I have gone 6 months at a time not seeing my friends and family. I decided to stop eating meat a year ago. I have experienced first hand the importance of a mozzie net and the strange comfort it provides when it surrounds you. I have gone through checkpoints and I have also learned the back roads you can take in order to avoid these checkpoints. I have driven on the atrocious roads that Juba has so kindly neglected and survived. I have learned how to drive manual and I am rather good at it. I have travelled to Kenya. I have floated down the Nile. I learned some Swahili and Juba Arabic. I met the US Ambassador for South Sudan. I have rode a boda boda many times and survived. I have trekked through the mud to get to work way too many times. I have experienced the shocks of what conflicts with neighboring countries does to the economy and way of life. 
 
For five months I was privileged enough to experience living in one of the last existing tent camps in Juba.

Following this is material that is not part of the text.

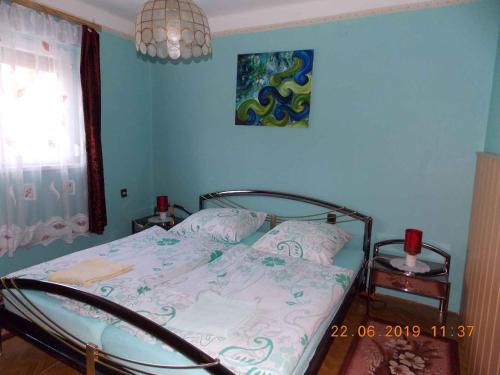 Holiday home in Fonyod/Balaton 18691客房内的一张或多张床位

I was surrounded by 30 plus people, sharing a living space; sharing 2 showers, one toilet, one squat toilet and one sink with roughly 10-15 women. In order to have my clothes washed I collected it in a pile on the floor in the morning and when I returned in the evening it would all be hanging on the clothes line strung up from my tent poles.

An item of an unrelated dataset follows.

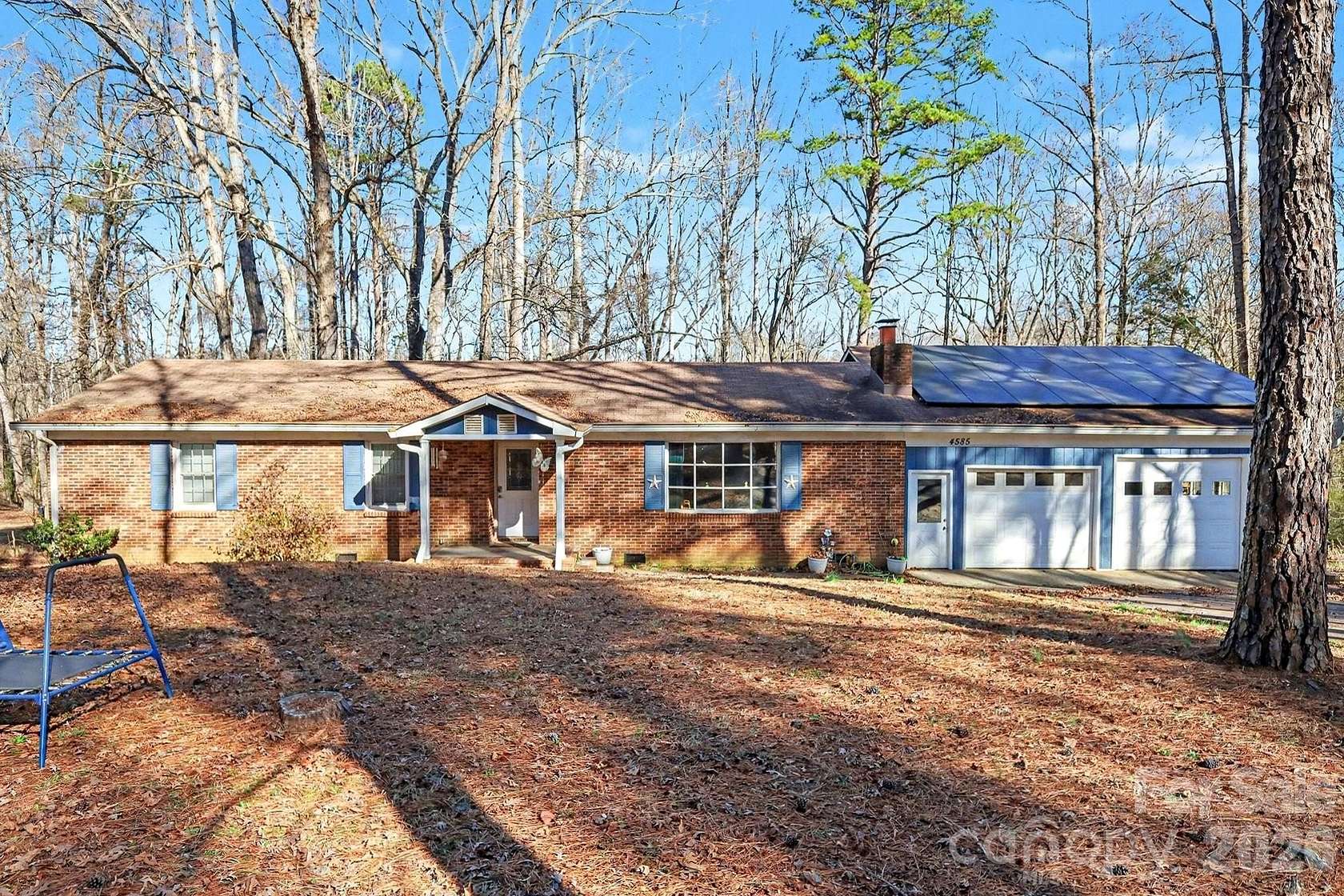 2.45 Acres of Residential Land with Home for Sale in Rock Hill, South Carolina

For four months I flew and drove in an out of Juba living for weeks in other towns and states learning about the different cultures and customs. I experienced six different states within South Sudan. I met community members, county commissioners, NGOs and the like. Sat under mango trees, lived on beans and rice. Experienced what driving on a dried up riverbed is like.  Drove through the beautiful mountainous Eastern Equatoria.


 


The birth of a new nation. The newest country in the world. The 193rd country on record. I was here to experience that. To experience the unending joy of the South Sudanese people. To be carried away in to the overwhelming emotions of Independence. To become a part of it. Once in a lifetime experience.

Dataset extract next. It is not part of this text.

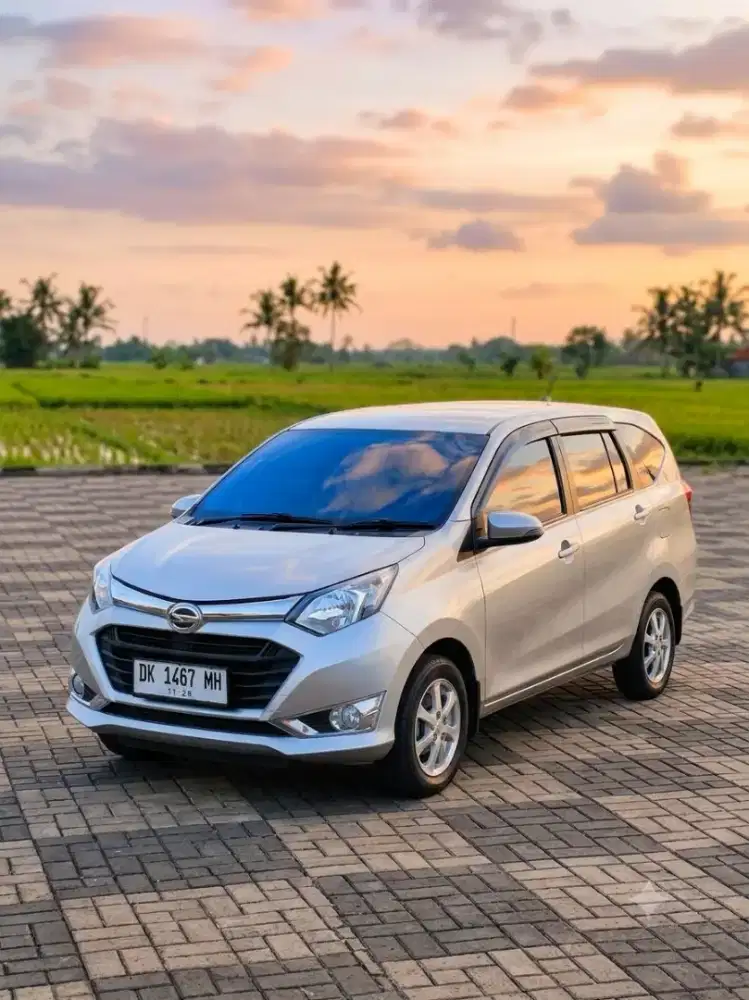 Sigra R manual pribadi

I have met people from all over the world who have to South Sudan for various reasons. There are two classifications for the ex-pats here: 1. There are the ex-pats who have come here to work with an organization of company to help the people of South Sudan and help build the country. 2. The other ex-pats are the ones that have come here for the business opportunities $$$. I am sure you can guess which group I belong to…

I have lived in the  Barracks for almost 8 months now and live to tell about it. (Strangely when I tell people our compound is within the  barracks they become very concerned and say that must be scary. It really is not. It is a decent location, very nice for going for runs. The security is just higher than elsewhere and outsiders are not particularly welcome. The soldiers at the gate know us by now and do not give us any grief.)

I have worked for a massive American company, providing medical training for soldiers. I have obviously not done the training but I am behind the scenes. I help to ensure that the courses are organized and supplies with all the equipment and materials required to make them function. It has been a challenging and rewarding experience.

I have experienced, from a distance in Juba, the never-ending disputes with Sudan and inter-tribal fighting. I experienced the repercussions of the fighting with seeing the influx of casualties in the  Hospital, which is our neighbor.



I have been able to get a glimpse of what South Sudanese people have been through and continue to go through each day. No matter the negative opinions many people surrounding the country have about the South Sudanese people, I believe that they are a resilient people. To survive what this country has gone through says nothing less. 



I have experienced so much more than just what I have written here. I have experienced so much it is almost hard to remember everything all at once. The experience will continue and memories will be made. I am excited.